Hot pepper jelly is an absolute taste sensation when paired with cream cheese. I make a few versions that are sure to please any palate. It is a good way to use up excess hot peppers from the garden. It's also one of those products that immediately says homemade because aside of the specialty food shops, hot pepper jelly is seldom found in the grocery stores.
This year I made a low sugar hot pepper jelly for the holiday season feature red and green flecks for festive entertaining. We are not huge fans of sugar but for hot pepper jelly you need just enough sugar to tame the heat.

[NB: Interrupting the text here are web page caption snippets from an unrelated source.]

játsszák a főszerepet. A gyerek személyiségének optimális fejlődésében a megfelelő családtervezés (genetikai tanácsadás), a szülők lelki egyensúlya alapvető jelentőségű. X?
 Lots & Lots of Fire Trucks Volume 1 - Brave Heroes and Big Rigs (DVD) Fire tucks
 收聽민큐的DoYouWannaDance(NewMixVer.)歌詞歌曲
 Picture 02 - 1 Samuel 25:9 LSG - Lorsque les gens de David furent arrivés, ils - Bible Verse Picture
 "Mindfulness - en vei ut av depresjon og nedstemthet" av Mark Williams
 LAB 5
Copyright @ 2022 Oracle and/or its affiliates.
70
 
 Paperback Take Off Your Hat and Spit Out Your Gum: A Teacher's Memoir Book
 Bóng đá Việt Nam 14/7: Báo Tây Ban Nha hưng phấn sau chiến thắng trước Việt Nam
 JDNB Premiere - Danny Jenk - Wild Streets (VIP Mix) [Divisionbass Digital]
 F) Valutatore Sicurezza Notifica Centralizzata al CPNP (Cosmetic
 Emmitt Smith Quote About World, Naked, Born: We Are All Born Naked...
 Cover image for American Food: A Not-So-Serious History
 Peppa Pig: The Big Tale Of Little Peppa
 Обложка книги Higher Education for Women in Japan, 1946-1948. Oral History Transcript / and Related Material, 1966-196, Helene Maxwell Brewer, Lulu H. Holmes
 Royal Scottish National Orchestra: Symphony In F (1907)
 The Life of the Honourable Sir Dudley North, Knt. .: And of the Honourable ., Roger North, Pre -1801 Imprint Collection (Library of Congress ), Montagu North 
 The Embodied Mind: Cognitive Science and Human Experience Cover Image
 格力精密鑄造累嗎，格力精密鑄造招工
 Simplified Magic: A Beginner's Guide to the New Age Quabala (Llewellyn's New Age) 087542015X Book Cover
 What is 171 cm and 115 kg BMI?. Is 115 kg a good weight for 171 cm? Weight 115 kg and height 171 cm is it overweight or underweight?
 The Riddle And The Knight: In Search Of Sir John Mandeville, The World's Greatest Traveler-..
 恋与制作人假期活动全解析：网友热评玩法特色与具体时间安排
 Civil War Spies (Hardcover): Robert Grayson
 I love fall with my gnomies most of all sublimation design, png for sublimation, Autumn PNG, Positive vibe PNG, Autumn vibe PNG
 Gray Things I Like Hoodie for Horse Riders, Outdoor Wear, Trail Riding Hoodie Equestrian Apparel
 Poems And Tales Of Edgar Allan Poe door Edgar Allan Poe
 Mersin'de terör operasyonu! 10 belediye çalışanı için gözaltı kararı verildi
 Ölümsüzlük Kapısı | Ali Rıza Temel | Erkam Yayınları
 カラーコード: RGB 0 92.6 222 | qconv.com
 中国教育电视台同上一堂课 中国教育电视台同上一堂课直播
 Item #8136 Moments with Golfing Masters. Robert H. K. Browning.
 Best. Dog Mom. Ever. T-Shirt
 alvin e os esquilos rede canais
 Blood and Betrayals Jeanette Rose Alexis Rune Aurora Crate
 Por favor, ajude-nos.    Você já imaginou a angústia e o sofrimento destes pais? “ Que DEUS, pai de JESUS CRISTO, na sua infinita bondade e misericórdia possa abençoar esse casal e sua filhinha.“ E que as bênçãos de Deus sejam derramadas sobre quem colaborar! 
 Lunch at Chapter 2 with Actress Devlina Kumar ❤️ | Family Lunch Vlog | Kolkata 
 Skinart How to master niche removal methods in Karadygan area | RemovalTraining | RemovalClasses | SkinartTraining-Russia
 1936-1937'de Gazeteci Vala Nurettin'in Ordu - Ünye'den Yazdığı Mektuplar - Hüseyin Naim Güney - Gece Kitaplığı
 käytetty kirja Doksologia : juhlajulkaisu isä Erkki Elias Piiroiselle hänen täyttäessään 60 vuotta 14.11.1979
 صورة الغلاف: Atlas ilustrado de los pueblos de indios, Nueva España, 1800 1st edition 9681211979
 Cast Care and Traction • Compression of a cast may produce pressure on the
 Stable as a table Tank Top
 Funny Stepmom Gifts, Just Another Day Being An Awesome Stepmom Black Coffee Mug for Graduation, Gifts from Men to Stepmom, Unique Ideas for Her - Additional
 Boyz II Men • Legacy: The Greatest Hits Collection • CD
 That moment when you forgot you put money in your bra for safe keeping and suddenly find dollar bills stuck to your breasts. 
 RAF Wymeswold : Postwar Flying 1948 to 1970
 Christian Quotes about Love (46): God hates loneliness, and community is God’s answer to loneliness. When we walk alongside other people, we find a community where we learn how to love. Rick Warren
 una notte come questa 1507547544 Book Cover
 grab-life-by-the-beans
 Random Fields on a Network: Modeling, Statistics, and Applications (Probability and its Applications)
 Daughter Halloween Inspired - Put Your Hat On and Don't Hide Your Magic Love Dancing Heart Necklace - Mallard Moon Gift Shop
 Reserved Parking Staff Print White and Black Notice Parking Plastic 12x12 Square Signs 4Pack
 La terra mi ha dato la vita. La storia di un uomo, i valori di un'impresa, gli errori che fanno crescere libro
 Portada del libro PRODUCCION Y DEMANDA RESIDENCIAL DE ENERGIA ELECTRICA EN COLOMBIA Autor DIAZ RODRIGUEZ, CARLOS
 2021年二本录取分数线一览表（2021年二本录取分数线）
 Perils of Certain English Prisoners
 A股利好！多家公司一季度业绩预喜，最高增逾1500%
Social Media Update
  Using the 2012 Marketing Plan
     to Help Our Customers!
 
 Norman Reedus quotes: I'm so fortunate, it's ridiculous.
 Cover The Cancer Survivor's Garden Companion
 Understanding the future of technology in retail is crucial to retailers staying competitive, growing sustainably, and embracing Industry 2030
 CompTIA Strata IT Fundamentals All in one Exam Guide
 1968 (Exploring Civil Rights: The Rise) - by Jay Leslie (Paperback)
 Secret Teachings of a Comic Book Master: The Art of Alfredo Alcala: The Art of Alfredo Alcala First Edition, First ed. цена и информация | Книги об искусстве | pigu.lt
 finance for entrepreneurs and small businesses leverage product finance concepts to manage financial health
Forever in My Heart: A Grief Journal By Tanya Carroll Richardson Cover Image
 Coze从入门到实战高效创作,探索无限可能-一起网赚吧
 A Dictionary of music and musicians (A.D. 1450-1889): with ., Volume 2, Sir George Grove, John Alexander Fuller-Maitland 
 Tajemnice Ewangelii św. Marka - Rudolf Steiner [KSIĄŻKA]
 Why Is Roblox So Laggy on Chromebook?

I use Pomona's pectin which is a low methyoxy pectin that uses calcium water for the gel rather than sugar so the amount of sugar in a recipe can be greatly reduced. Other pectins (eg. Certo, SureJel) cannot be substituted in this recipe. This jelly is well worth the extra effort. It is beyond delightful, a sure crowd pleaser!
Low Sugar Hot Pepper Jelly
recipe by: Garden Gnome
1 c finely chopped sweet red peppers
⅓ c finely chopped jalapeño peppers
1⅓ c white vinegar
2⅓ c organic granulated sugar
1½ tsp Pomona's pectin
2 tsp calcium water
Bring the peppers, vinegar and calcium water to a boil then reduce heat and simmer 5 minutes. Mix the pectin in ½ c of the sugar. Stir the pectin mixture into the pepper mixture stirring well until dissolved. Stir in the rest of the sugar. Return to a boil. Ladle into hot jars leaving ¼-inch headspace. Adjust two piece metal snap lids (or Tattler reusable lids or glass inserts). Screw bands on jars (adjust accordingly if not using metal snap lids). Process for 250 ml for 10 minutes in BWB canner at altitudes up to 1,000 feet above sea level. At higher altitudes refer to altitude adjustment chart on Canning FYI page. Remove from canner. Adjust bands if using Tattler or glass inserts. Allow to cool 24 hours. Remove bands and test for seal. Wash and dry bands and jars. Label and store.